Chapter 34

Rough Waters

Austin

Iwanted out of whatever this was. I wanted to go back to my little blue box, but an invisible hand kept pulling along through the past. One moment I was standing in a cemetery, the next, I was in an alley, watching a scrawny teenager pick through a garbage can.

He turned and looked right through me. Aside from the stench of old food, there was a brininess to the breeze that overtook the stagnant air.

Adam grabbed what looked like a half-eaten hoagie and gave it a sniff.

He could still pass as human, but there were obvious signs.

Slightly pointed ears, dark gray taking over the whites of his eyes, the dim glow of his orange irises, even his once smooth forearms looked a little hairier.

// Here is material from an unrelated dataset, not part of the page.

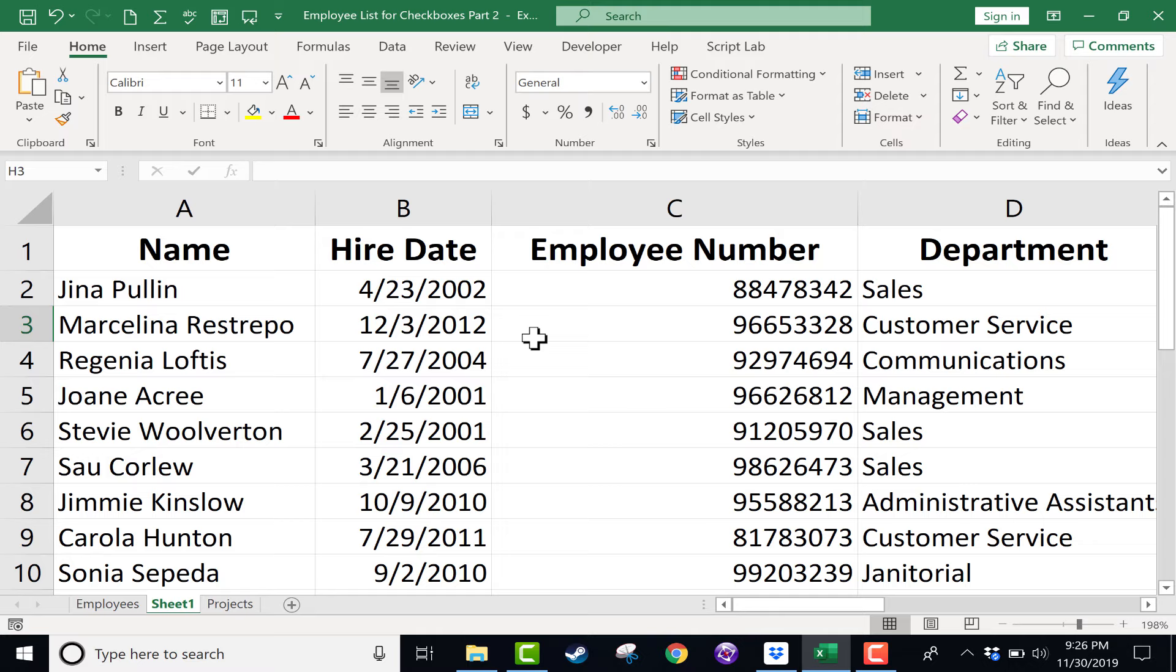In this short Excel tutorial, I'm going to show you how to quickly enter today's date and time into your spreadsheets.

This must have been at least a year before I met him, but I’d had no idea he was living like this.

“Still good,” he growled before furiously scarfing down the sandwich like he hadn’t eaten in days.

He smelled like he hadn’t bathed in a while either.

Taking another bite, he stepped out of the alley, looking both ways then darted toward the sound of waves crashing.

Now that I could see my surroundings in the light of the full moon, I recognized this place.

Like a frantic shadow, Adam dashed between the streetlamps until he was finally on the beach.

There was a bonfire in the distance and the sound of a guitar, but Adam stayed in the darkness, sitting on the sand while watching the moon’s reflection on the ocean.

I’d never been here at night during a full moon, but it was pretty to see.

“What are you doing?” I asked, sitting next to him. I knew he wasn’t going to answer, but if I didn’t say something, I was gonna pop. “Living like a bum when you have a nice house waiting for you. It might not have been perfect, but it beats eating out of the trash. Dumbshit.”

A car door shut behind us, and I turned toward a police officer holding a flashlight. Adam jumped up and ran to the water, narrowly evading a beam of white light. Why were the police looking for him?

A couple walked by, and the officer flagged them down.

“Excuse me, I’m looking for a teenager. Black male, about seventeen, showing signs of lycanthropy. He was last seen in this area.”

“We just got here,” the man said. “We haven’t seen anyone like that, just a werewolf up the beach.”

“All right, thanks.” He turned off the flashlight and grabbed the radio from his shoulder. “He’s not here, and the lifeguard hasn’t seen him.”

“Ten-four,” came a staticky male voice from the speaker.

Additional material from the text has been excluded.